I hate globals as much as the next person, but the time to first plot necessitates using notebooks, and IMHO it’s kinda hard to get the most out of notebook-based coding without using globals - the whole notebook system seems to be designed around them. If it wasn’t for plotting I’d code in .jl files and never use global variables at all.
But let’s not let the discussion slide too far into the pros and cons of globals in general. I think being able to declare the types of globals will make a big difference for notebook-based coding, so I’m looking forward to 1.8. All the answers here were really helpful, I learned a lot from them. Thank you very much!
I take your point on not derailing the thread too much, but I’m not sure I see how time to first plot is relevant to which coding environment you work in? Also I don’t see why notebooks necessitate globals, I write functions all the time in notebooks.
Finally, if you find time to first plot to be a real issue in day-to-day work consider just making a sysimage with your favourite plotting package in it and a few plot(...) calls to eliminate it.
Oh, this is going to get even a bit more derailed now, but time to first plot is relevant because I want to do some calculations and then plot them. If I do that in a script it’s hard to iterate on my code, because every time I run it I have to wait for Plots to start up, whereas if I do it in a notebook then I only have to wait once and then I can iterate all I want. It doesn’t make much difference once everything’s all done and working and I just want to run it, but when iterating during the development process it makes enough of a difference to push me into using notebooks, which I otherwise wouldn’t do.

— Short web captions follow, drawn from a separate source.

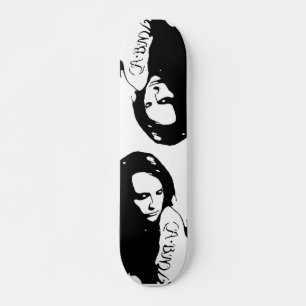 Skateboard Chica Tattooed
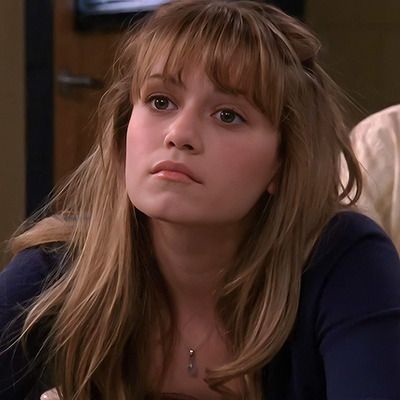 Haley James Scott Icons, Hailey James Scott, One Tree Hill Cast, Haley James, Bangs Ponytail, Haley James Scott, 00s Style, Blonde Bangs, James Scott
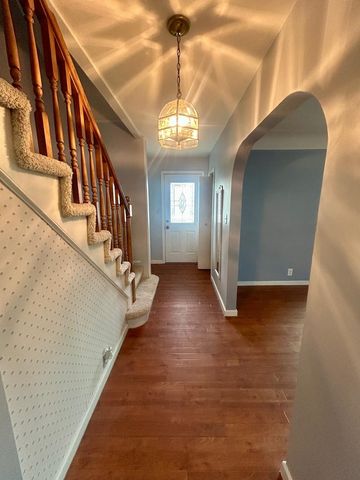444 N Silverleaf Street, Gladwin, MI 48624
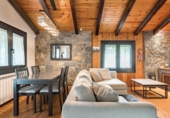 Casa de campo con terreno en venta en la España, Camprodon, ref: TR405656 foto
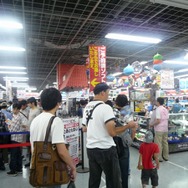 【フォトレポート】ニンテンドー3DS LL発売日＠ヨドバシAkiba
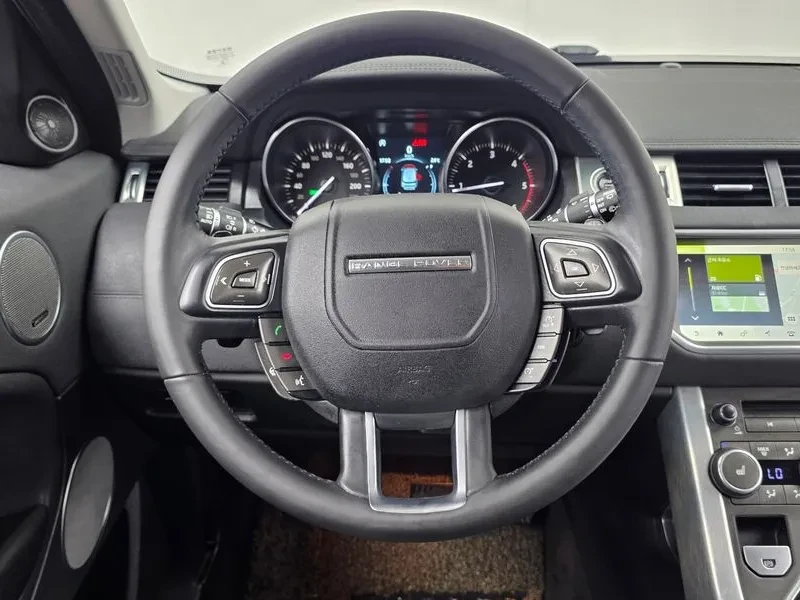 Land Rover Range Rover Evoque 2.0 Td4 Se/ПАНОРАМА/ПОДГРЕВ/НАВИГАЦИЯ/КАМЕРА/, снимка 13 - Автомобили и джипове - 56734956
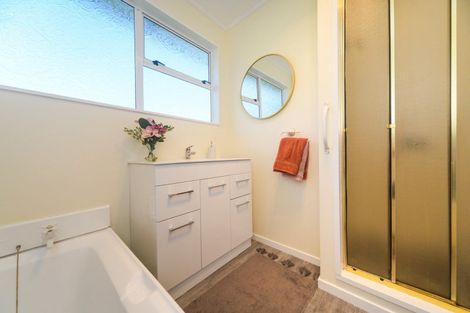 Photo of property in 44 Escort Grove, Awapuni, Palmerston North, 4412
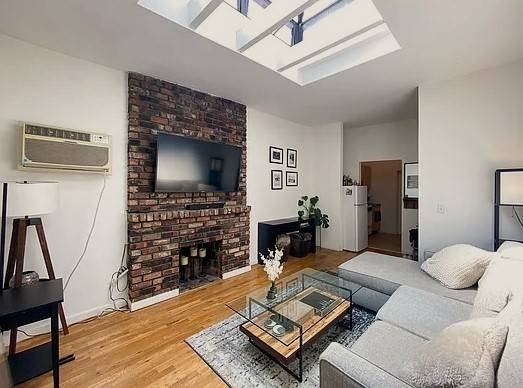 100 N Main St - Photo 4 of 5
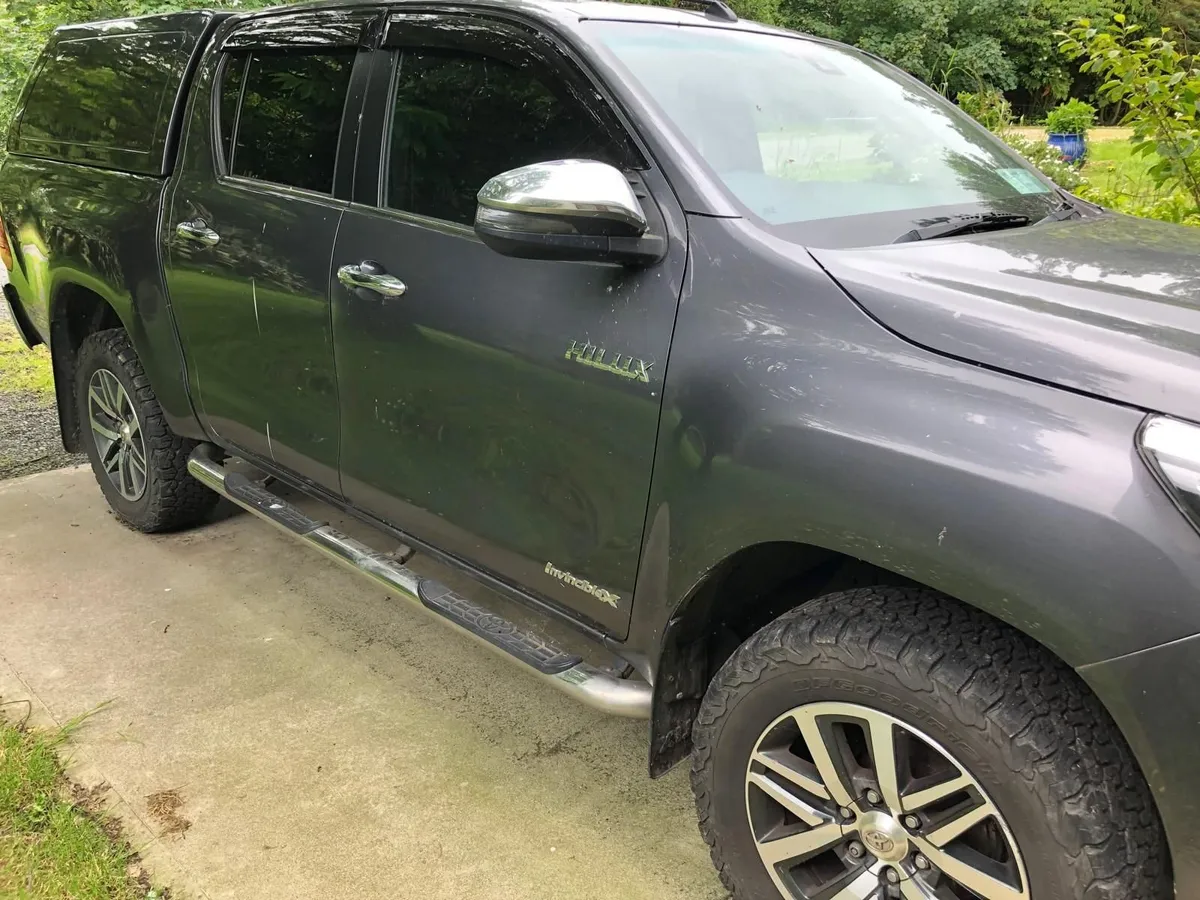 Toyota Hilux 2019 - Image 1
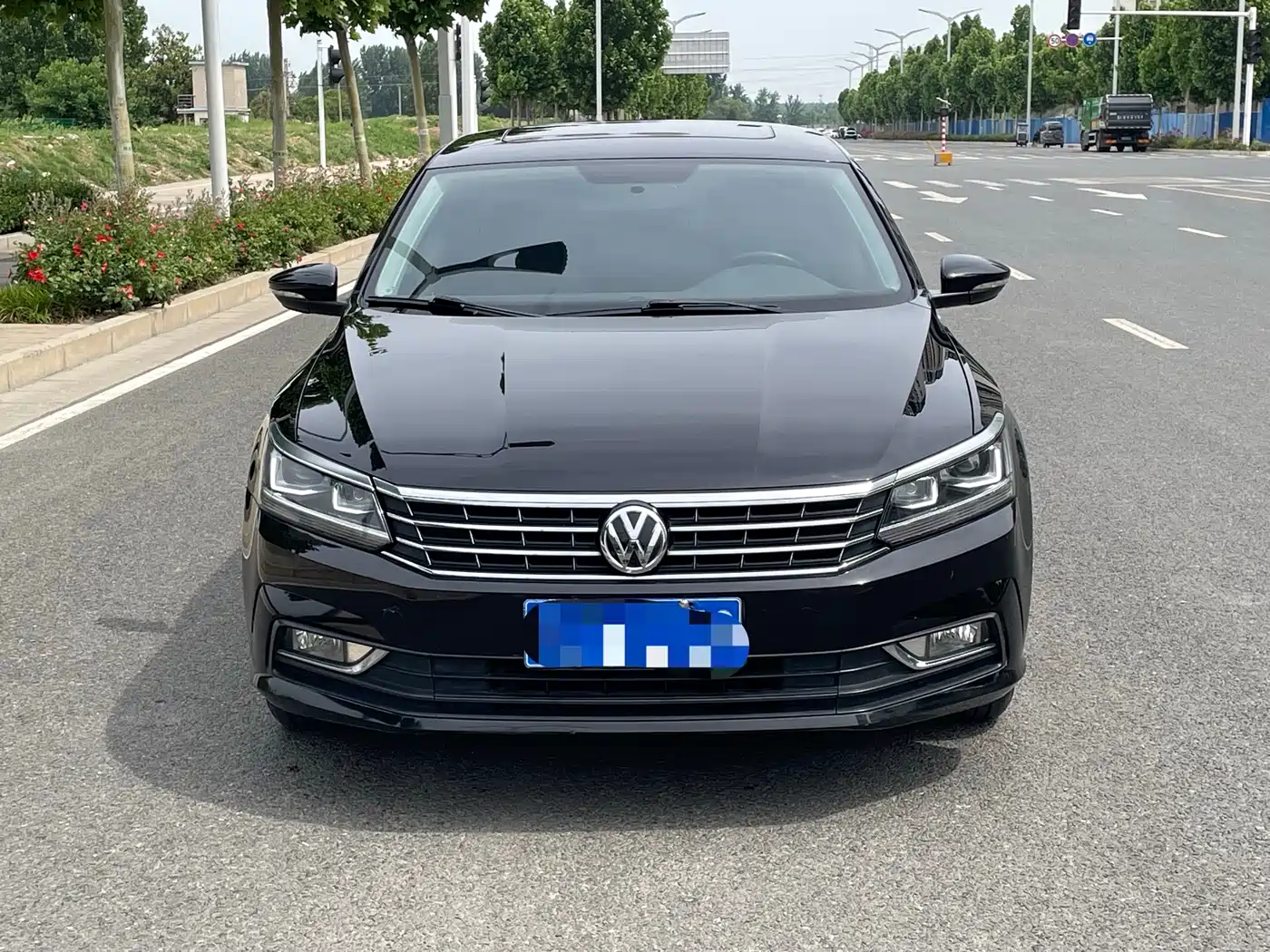 Volkswagen Passat 2017 330TSI DSG Prestige фото 2
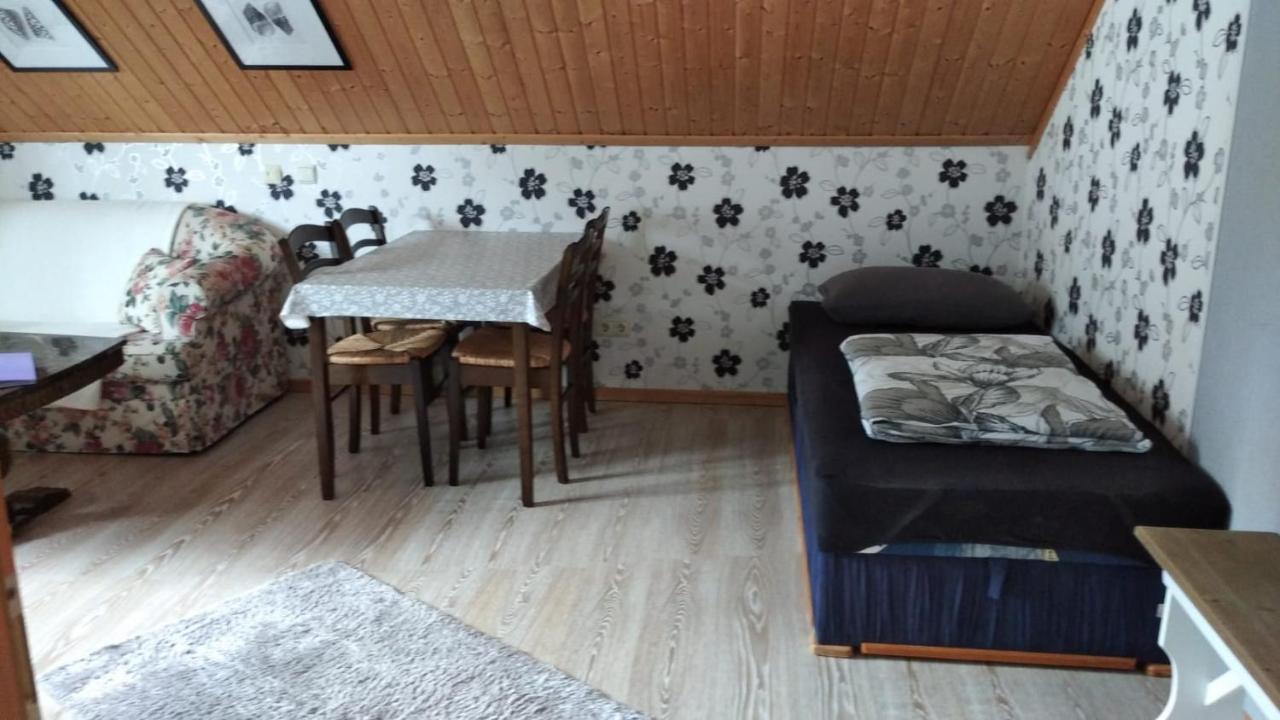 Das blaue Haus Daufenbach Extérieur photo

I guess I could code in a script and then import the script into a REPL environment instead of starting a new julia instance every time I run it, but I guess I just figured if you’re going to be running a REPL anyway you might as well use a notebook instead and get the advantages of that.
Maybe I’ll look into making a custom sysimage. I haven’t really looked into that before - it seems like there might be some disadvantages to that option as well. I’m not unhappy with using notebooks, generally speaking.
My preferred workflow is writing .jl files that I edit in VSCode. I then evaluate the current line, or current selection, or current cell (cells can be created, delimited by ##) as needed. The VSCode window has an integrated Julia process that remains open, often over days and weeks.